After my talk, a woman came up to me and said how much she loved the talk. I thanked her. She then said “I wish my husband were here with me.” to which I replied “Awww~ That’s so sweet...” Only to hear her say “No, what I mean is that he’s the one who needed to hear the talk, not me.”
I was surprised.
I thought my talk was about us realizing empathy, not demanding that other people realize empathy with us. I felt annoyed. The message I wanted to communicate was not being communicated. I felt misunderstood.
I then became contemptuous.
I thought to myself “Doesn’t she recognize the irony of her not realizing empathy with her husband for not realizing empathy with her?” I could almost hear the sound of my inner eye roll.
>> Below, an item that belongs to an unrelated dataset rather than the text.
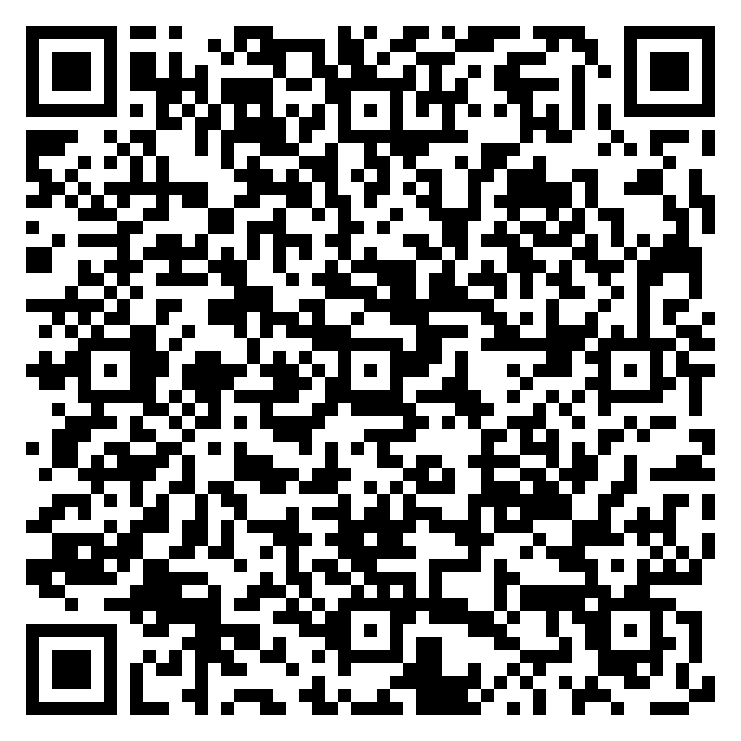 kod QR z danymi kontaktowymi 09001232600000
But then I remembered that I just gave a talk about empathy.
...
So I paused for a second, breathed deeply through my nose, and said “You sound frustrated.” “Oh, yes I am!” she replied.
I stood there, nodding silently.
...
After what felt like an eternity, she continued.
“He passed away 2 years ago...”
I found myself silently agasp.
“We fought so much toward the end of his life. I didn’t know what to do. I was scared. He kept explaining why I shouldn’t feel so scared. He even said my life was going to be better without him... I couldn’t believe he would say such a thing. I couldn’t stop yelling at him...” I could see her welling up. “I wish he had just shut up and listened to me!” she continued.
Boy, did she humble me...
The Gordian Knot
In hindsight, it’s easy to notice the other irony in the above exchange: me not realizing empathy with her for not realizing empathy with my message and her husband. So easy to see this when other people do it. So hard to see it when we do it.
What a vicious cycle this creates...
I’ve come to think of situations like these as the Gordian Knot of inter-dependent relationships.
One manifestation of the Gordian Knot is as follows.
Person A observes something she interprets as person B’s lack of respect for her needs.
The observation is significant enough for person A that it leads to a tension in her body.
Person A holds on to her tension as she starts to focus in on her feeling disrespected.
Since person A is only focused on her own feeling disrespected by person B, this naturally makes it difficult for her to realize empathy with person B.
Person A then protests person B’s lack of respect for her needs.
Person B interprets this as a sign that person A does not respect his needs.
The sign is significant enough that it leads to a tension in person B’s body.
Person B then holds on to his tension as he starts to focus in on his feeling disrespected.
Since person B is only focused on his own feeling disrespected by person A, this naturally makes it difficult for him to realize empathy with person A.
Person B then protests person A’s lack of respect for his needs.
Person A interprets this as a sign that person B still does not respect her needs.
Thus, a Gordian Knot is formed.
In this woman’s case, the husband could have said nothing and simply held her in his arms.
He didn’t.
He had good intentions, though. He probably wanted to alleviate her fear. So he tried to cheer her up and put a silver-lining around their situation by saying what he said.
At the same time, this was not what she needed. What she probably needed was to fully experience what she was feeling in all its complex glory and, perhaps, even to fall apart in the safety of her husband’s tender, compassionate, and confident embrace.
When this need was not respected. She yelled in protest. Now he probably felt his need to feel understood or even appreciated was disrespected. After all, he had good intentions. So to fix this, he tried to explain his intentions. Well, that still does not respect her need. So she yells again. Thus, a Gordian Knot is formed.
It takes skills of noticing, of awareness, of empathy both with one’s own sense of “self” and that of “other” to recognize when a Gordian Knot is formed. It then takes a deliberate practice of respect to untangle it.
This is not easy.
At the same time, if you’re willing, you can learn it through practice.
Here’s a question you can ask yourself to get started.
“What emotional need of the other person am I not respecting, because I’m only focused on my own feeling disrespected?”